Wie konnte es geschehen, daß falsches Denken sich täuschen ließ von einer "Obrigkeit", die keine war, und von einem "Gehorsam", den Gottes Wille verbietet?
Steckt in meinem eigenen Denken etwas von subalterner Unterwürfigkeit? Freue ich mich über Lob und "Leutseligkeit" eines Vorgesetzten? Lache ich beflissen, wenn er geruht, witzig zu sein? Strahle ich über sein Schulterklopfen, das er mir gönnerhaft gewährt? Ist also in mir Sklavensinn verborgen?

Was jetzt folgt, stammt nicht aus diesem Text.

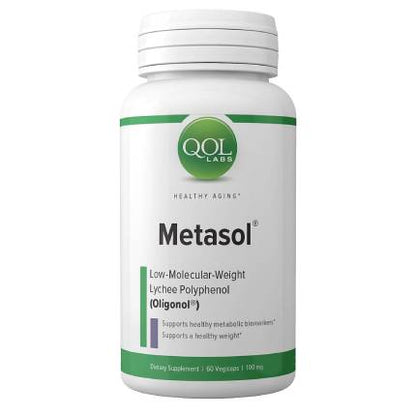 QOL Labs Metasol 60 caps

Machthaber, die sich anmaßen, die Einzelnen zur "Gemeinschaft" zusammenzuschweißen – sei es die sozialistische Gesellschaft oder die "Volksgemeinschaft" –, sind keine Obrigkeit im Sinne der Heiligen Schrift. Die Inhaber staatlicher Gewalt besorgen dem Menschen und den von ihm gewählten Gemeinschaften, Raum, Freiheit, Luft zum Atmen und zur eigenen Entscheidung. Sie mögen es unzulänglich oder schlecht verwalten – Inhaber sind sie gottgegebenen Amtes und in Wahrheit Obrigkeit. Wer sich aber daran macht, den Einzelnen zu erfassen, um "die Menschen zu bessern bzw. die Menschheit zum Fortschreiten zu bringen" – aus Millionen "einen Willen, eine Front" zu schmieden, der tut das Gegenteil von dem, wozu staatliche Obrigkeit da ist, und er tut es aus Grundsatz, nachdrücklich und beständig. Wo dies vorliegt, herrscht ein wesentlich staatenloser Zustand. Von "Obrigkeit" kann keine Rede sein.

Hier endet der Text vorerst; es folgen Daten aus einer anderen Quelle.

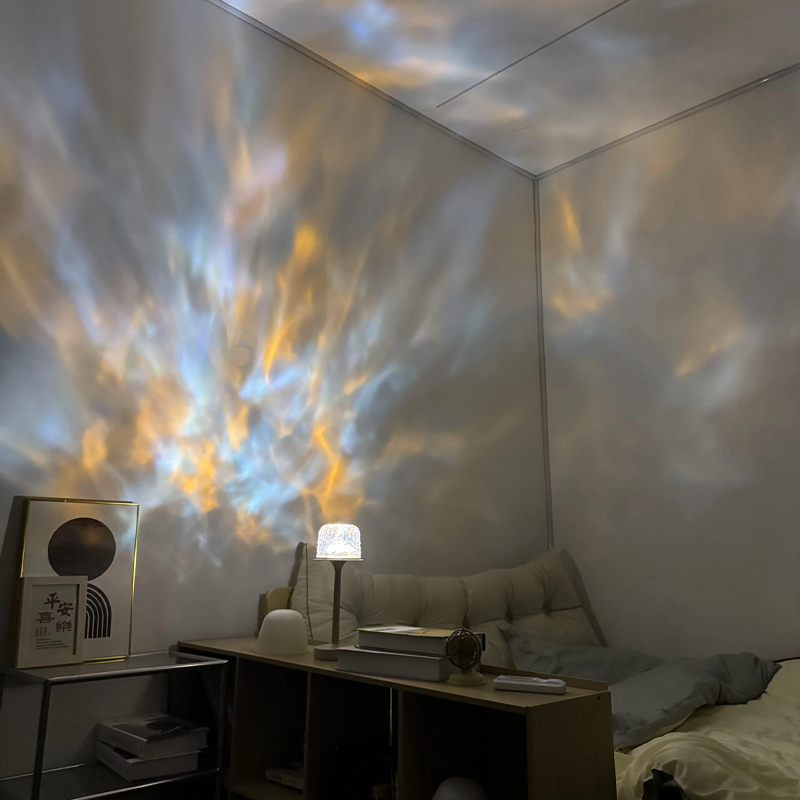 Norvo | LuminaSphere — Forvandl ethvert rom på null komma niks til din personlige velværeoase fylt med farge og stil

Der Nationalsozialismus konnte kommen, weil viele nicht erkennen wollten oder konnten, daß es keinen Fortschritt der Menschheit als solcher gibt und geben kann. Es sei denn, dieser Fortschritt ereignet sich im Geistkern des Einzelnen durch die Entscheidung seines Willens. Ist auch in mir der Wahn versteckt, "die Menschheit" im Sinne von Masse und Zahl könne geistiger, moralischer, vernünftiger, brüderlicher etc. gemacht werden? Wenn ja, dann habe auch ich meinen Anteil am Zustandekommen furchtbarer Verbrechen. Sie müssen überall dort geschehen, wo ein Volk bzw. "die Gesellschaft" zum Fortschritt formiert werden soll. Hier ist schon Mord zugange. Der physische Mord – Auschwitz, Taiga, Lubljanka – folgt notwendig daraus.
Herzlichst grüßt Sie alle Ihr Pfarrer Hans Milch.